Jeni László A, Cohn Jeffrey F, De La Torre Fernando
Carnegie Mellon University, Pittsburgh, PA.
Carnegie Mellon University, Pittsburgh, PA ; University of Pittsburgh, Pittsburgh, PA,
Int Conf Affect Comput Intell Interact Workshops. 2013;2013:245-251. doi: 10.1109/ACII.2013.47.

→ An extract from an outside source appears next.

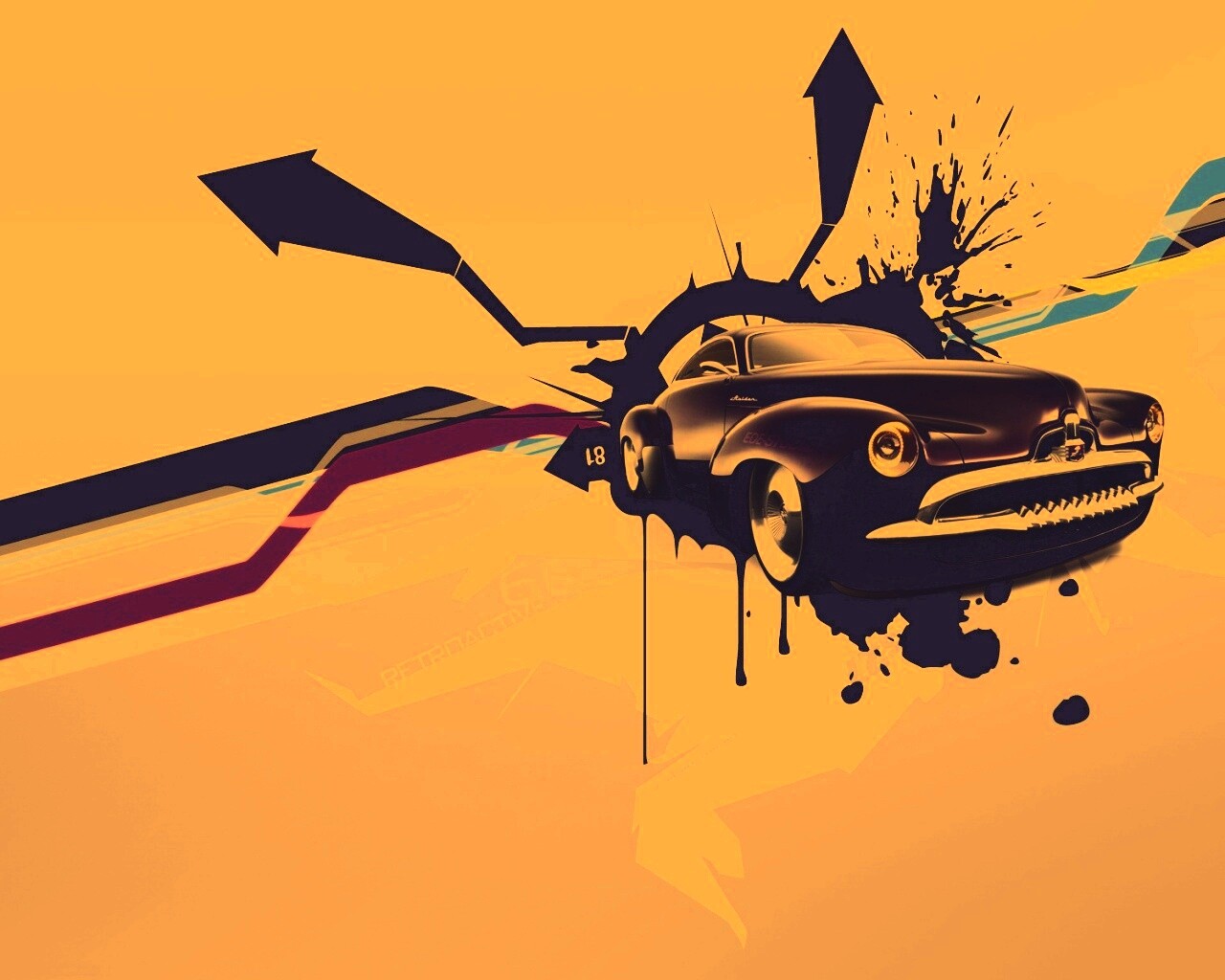 Абстракция с ретро авто обои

Recognizing facial action units (AUs) is important for situation analysis and automated video annotation. Previous work has emphasized face tracking and registration and the choice of features classifiers. Relatively neglected is the effect of imbalanced data for action unit detection. While the machine learning community has become aware of the problem of skewed data for training classifiers, little attention has been paid to how skew may bias performance metrics. To address this question, we conducted experiments using both simulated classifiers and three major databases that differ in size, type of FACS coding, and degree of skew. We evaluated influence of skew on both threshold metrics (Accuracy, F-score, Cohen's kappa, and Krippendorf's alpha) and rank metrics (area under the receiver operating characteristic (ROC) curve and precision-recall curve). With exception of area under the ROC curve, all were attenuated by skewed distributions, in many cases, dramatically so. While ROC was unaffected by skew, precision-recall curves suggest that ROC may mask poor performance. Our findings suggest that skew is a critical factor in evaluating performance metrics. To avoid or minimize skew-biased estimates of performance, we recommend reporting skew-normalized scores along with the obtained ones.
识别面部动作单元(AUs)对于态势分析和自动视频标注至关重要。先前的工作主要强调面部跟踪与配准以及特征分类器的选择。相对被忽视的是不平衡数据对动作单元检测的影响。虽然机器学习界已经意识到训练分类器时数据倾斜的问题,但对于倾斜如何使性能指标产生偏差却很少有人关注。为了解决这个问题,我们使用模拟分类器以及三个在规模、FACS编码类型和倾斜程度上存在差异的主要数据库进行了实验。我们评估了倾斜对阈值指标(准确率、F分数、科恩卡方系数和克里彭多夫阿尔法系数)和排序指标(接收者操作特征(ROC)曲线下面积和精确率-召回率曲线)的影响。除了ROC曲线下面积外,所有指标都因倾斜分布而衰减,在许多情况下衰减程度显著。虽然ROC不受倾斜影响,但精确率-召回率曲线表明ROC可能掩盖了较差的性能。我们的研究结果表明,倾斜是评估性能指标的一个关键因素。为了避免或最小化倾斜对性能的偏差估计,我们建议在报告所获得的分数时同时报告倾斜归一化分数。